Russia has cultivated in recent years an appreciation of the rules of
accountability, which citizens of democratic societies have come to
expect from their governments. It is new in Russia. As put most
succinctly by Zbigniew Brzezinski, National Security adviser under
President Jimmy Carter, more Russians now sense that Vladimir Putin is
not so much the breath of the future as the last gasp of the Soviet
past. Unfortunately this rather gross distinction was lost on many of
the most prominent Western leaders, almost all of whom have positively
heaped undeserved praise on the new Russian president. Bill Clinton,
British Prime Minister Tony Blair, and German Chancellor Gerhard
Schroeder — the heart of the West — have without exception behaved as
if Russia now gave the orders.

In the United States, neither Republican nor Democratic party
electoral platforms reflect a strategic understanding of the need to
create conditions that will help Russian society free itself from the
reactionary elements of the Soviet past. Indeed the Democratic
platform’s call to continue “engagement” conveys little more than a
cowardly courtship of Russian officialdom.
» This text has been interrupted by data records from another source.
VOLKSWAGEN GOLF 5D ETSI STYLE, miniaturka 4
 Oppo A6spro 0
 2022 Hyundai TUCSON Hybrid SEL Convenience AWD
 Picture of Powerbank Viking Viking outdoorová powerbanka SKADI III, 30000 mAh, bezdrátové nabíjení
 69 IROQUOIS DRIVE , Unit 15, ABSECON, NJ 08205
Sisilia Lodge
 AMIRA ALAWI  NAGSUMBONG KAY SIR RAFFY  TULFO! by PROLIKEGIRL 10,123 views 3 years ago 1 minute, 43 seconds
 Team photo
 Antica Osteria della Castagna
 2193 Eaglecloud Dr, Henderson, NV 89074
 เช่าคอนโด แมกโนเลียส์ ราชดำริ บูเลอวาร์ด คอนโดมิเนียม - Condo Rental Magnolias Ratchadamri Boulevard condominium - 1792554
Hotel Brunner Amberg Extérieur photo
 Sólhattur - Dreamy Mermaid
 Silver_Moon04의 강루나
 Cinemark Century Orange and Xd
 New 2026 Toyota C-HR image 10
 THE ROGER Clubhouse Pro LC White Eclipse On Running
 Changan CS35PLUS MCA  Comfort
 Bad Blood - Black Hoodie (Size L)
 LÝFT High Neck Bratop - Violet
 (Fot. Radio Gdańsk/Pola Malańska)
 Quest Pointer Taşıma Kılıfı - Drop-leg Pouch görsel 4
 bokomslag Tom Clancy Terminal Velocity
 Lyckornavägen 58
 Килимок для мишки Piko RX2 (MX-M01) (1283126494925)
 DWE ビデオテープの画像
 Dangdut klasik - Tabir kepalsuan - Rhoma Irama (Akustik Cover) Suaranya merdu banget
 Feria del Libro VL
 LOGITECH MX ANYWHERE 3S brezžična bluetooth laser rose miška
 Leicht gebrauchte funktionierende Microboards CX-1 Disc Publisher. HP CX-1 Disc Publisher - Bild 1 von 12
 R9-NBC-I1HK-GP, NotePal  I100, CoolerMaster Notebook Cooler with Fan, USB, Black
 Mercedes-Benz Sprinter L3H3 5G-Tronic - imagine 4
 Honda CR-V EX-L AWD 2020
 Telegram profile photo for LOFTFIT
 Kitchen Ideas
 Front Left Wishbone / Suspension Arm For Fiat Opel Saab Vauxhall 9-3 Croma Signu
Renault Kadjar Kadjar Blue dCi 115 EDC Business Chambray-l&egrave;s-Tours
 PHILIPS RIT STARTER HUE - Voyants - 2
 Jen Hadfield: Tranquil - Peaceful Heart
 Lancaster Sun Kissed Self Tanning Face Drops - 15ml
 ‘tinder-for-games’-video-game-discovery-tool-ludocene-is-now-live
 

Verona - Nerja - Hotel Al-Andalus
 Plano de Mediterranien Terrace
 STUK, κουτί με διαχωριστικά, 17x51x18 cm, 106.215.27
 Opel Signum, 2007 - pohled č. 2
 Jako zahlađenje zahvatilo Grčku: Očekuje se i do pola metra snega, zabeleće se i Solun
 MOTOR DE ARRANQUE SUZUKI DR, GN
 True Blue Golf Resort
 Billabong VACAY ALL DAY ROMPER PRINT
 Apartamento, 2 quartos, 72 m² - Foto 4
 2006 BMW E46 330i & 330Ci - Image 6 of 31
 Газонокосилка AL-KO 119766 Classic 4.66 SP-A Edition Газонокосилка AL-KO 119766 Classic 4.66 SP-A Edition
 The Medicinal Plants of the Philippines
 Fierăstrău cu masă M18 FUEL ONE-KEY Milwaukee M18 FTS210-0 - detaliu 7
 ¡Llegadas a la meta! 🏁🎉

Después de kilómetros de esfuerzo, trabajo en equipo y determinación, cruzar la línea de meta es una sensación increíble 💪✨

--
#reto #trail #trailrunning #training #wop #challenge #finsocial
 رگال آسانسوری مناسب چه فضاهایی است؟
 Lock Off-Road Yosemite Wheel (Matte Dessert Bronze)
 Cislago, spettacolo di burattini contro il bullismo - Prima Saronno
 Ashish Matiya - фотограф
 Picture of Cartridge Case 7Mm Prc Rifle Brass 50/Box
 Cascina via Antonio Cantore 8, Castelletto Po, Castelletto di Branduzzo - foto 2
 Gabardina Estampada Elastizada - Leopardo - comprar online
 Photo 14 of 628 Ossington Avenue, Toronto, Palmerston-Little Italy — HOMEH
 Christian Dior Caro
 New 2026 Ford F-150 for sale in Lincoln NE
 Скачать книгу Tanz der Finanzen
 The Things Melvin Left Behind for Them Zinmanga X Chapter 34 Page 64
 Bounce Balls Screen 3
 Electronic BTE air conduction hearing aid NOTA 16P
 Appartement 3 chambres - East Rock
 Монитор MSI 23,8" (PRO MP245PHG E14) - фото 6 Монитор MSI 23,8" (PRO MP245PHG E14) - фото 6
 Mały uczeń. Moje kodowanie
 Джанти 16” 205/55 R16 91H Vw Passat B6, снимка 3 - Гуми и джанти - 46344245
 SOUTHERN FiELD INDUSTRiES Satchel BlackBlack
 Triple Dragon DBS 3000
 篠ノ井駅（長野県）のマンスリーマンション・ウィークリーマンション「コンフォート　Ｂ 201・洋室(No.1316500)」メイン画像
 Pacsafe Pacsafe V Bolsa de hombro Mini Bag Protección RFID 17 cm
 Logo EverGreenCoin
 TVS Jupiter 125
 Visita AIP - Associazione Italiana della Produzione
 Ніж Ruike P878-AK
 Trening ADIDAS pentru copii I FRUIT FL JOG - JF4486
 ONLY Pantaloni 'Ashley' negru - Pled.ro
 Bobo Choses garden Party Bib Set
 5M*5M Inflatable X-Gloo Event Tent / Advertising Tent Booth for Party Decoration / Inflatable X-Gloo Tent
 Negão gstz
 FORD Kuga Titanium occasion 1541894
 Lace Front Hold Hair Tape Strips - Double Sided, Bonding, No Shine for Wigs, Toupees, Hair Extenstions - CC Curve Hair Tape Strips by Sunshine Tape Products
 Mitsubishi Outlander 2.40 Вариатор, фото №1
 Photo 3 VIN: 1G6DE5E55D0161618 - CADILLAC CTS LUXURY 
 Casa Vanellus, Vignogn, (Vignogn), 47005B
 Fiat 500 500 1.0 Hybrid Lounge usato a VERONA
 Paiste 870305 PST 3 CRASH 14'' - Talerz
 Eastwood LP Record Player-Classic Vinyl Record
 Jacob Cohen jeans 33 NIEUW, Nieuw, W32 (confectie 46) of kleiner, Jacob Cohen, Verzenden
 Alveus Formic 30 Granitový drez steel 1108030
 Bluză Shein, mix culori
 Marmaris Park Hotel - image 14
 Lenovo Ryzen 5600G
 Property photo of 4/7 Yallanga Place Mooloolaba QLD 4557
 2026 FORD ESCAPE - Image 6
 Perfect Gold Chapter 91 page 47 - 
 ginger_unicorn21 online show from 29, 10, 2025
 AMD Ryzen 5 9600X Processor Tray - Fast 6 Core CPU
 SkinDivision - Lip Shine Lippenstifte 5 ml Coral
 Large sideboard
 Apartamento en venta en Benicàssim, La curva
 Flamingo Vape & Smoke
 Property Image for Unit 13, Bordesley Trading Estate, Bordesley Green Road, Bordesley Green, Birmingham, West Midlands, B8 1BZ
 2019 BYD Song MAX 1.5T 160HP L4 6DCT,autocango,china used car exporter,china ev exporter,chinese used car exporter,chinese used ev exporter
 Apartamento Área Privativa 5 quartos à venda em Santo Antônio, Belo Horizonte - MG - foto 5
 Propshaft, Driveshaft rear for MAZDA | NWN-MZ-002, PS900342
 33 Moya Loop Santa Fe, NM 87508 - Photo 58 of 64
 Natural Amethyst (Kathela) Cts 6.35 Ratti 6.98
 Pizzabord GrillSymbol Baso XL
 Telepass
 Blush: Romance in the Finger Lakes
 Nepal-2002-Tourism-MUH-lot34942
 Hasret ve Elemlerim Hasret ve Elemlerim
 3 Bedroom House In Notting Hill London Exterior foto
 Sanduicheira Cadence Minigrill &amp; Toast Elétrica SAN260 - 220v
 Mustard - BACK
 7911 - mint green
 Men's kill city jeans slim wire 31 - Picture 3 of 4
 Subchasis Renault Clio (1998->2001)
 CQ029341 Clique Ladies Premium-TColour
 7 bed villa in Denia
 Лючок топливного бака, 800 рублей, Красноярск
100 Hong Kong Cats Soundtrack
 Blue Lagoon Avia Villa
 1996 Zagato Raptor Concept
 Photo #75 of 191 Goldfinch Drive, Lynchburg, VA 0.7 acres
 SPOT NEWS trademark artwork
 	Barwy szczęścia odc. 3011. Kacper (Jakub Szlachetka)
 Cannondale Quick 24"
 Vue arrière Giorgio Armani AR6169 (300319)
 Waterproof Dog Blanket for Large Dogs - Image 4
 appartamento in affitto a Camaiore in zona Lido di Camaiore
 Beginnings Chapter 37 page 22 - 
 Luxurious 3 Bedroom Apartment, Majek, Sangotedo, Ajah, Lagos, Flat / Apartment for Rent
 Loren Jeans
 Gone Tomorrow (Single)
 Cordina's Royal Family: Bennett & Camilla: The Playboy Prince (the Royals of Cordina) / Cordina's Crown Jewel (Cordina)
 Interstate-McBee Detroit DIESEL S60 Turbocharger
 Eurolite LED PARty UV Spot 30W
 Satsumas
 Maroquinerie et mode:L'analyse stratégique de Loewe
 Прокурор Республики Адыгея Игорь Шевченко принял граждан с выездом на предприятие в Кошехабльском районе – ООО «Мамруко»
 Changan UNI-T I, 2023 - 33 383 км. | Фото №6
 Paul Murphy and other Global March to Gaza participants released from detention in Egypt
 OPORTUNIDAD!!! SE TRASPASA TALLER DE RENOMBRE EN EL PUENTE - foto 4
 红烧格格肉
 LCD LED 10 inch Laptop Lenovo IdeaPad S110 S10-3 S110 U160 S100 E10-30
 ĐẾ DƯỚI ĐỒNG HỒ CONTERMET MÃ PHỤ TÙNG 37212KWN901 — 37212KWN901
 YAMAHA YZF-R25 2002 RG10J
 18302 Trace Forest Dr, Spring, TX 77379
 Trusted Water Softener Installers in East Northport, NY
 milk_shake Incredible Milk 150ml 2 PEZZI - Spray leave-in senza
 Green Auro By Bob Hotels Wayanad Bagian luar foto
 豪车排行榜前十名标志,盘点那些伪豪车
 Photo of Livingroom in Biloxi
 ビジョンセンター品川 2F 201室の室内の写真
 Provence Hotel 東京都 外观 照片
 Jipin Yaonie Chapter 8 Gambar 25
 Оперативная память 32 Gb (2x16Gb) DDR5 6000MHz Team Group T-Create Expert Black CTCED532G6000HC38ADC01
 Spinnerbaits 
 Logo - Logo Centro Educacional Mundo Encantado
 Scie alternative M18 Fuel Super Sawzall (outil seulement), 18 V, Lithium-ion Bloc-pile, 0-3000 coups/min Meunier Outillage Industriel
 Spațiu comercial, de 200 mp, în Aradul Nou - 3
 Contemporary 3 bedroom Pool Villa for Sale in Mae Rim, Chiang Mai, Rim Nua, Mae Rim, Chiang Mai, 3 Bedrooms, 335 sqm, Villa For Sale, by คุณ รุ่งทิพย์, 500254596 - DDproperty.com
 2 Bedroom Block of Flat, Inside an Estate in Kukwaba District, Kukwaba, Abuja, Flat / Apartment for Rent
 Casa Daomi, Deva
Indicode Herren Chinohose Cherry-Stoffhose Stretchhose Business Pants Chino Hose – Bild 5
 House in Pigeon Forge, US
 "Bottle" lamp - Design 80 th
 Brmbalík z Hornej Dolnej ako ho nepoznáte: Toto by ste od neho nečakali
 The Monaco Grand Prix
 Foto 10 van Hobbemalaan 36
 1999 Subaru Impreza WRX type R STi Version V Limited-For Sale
A sharper awareness of Mr. Brzezinski’s distinction between
“official” Russia and Russian society in general would help prevent, in
the East, the formation of a policy that doesn’t deserve (and steals a
good deal of) the money it actually receives. United States aid, should
go primarily towards institutions that promote non-governmental
initiatives, as well as toward wider exchanges with the younger Russian
generations, and toward efforts to spread the rule of law.

Teaching younger Russians the values of democracy should be given
absolute priority. In 1999 the Library of Congress launched an exchange
program whose goal was to educate some 2,000 young Russian local
officials about the complexities of American democracy. That program –
which will remind Germany and Japan of the thousands of young Germans
and Japanese who studied in the United States after World War II –
deserves to be enlarged, perhaps tenfold.

Furthermore, it should be complemented by similar initiatives for
young leaders of Ukraine, Georgia, Azerbaijan, Uzbekistan — all with
cultures quite independent of Russia, and in some cases far older.
Georgia, for example, had its own form of writing 1,000 years before
literacy came to Russia. And schoolchildren still learn ancient Georgian
today — as their first language. When they learn a “foreign” language,
like Russian, it is from Georgian textbooks. As much as possible, all
these “minor” countries formerly under Soviet rule, should be granted a
similar education in Western democracy.

This might seem the height of vanity for an American. Why should
foreign countries, when conquered or subjugated by an American-led
alliance, adopt our ways? Well, we defeated them in war — never a minor
consideration. But, perhaps more important, our form of self-government
is more attractive to these foreign countries than their own. Mexico,
with whom we fought a war long ago, was dirt poor, and the last
hold-out. “God is so far away,” Mexicans used to lament, “and the United
States so close.”

But now, after the Mexican elections, the United States is closer
than ever. And, miraculously, God also seems closer.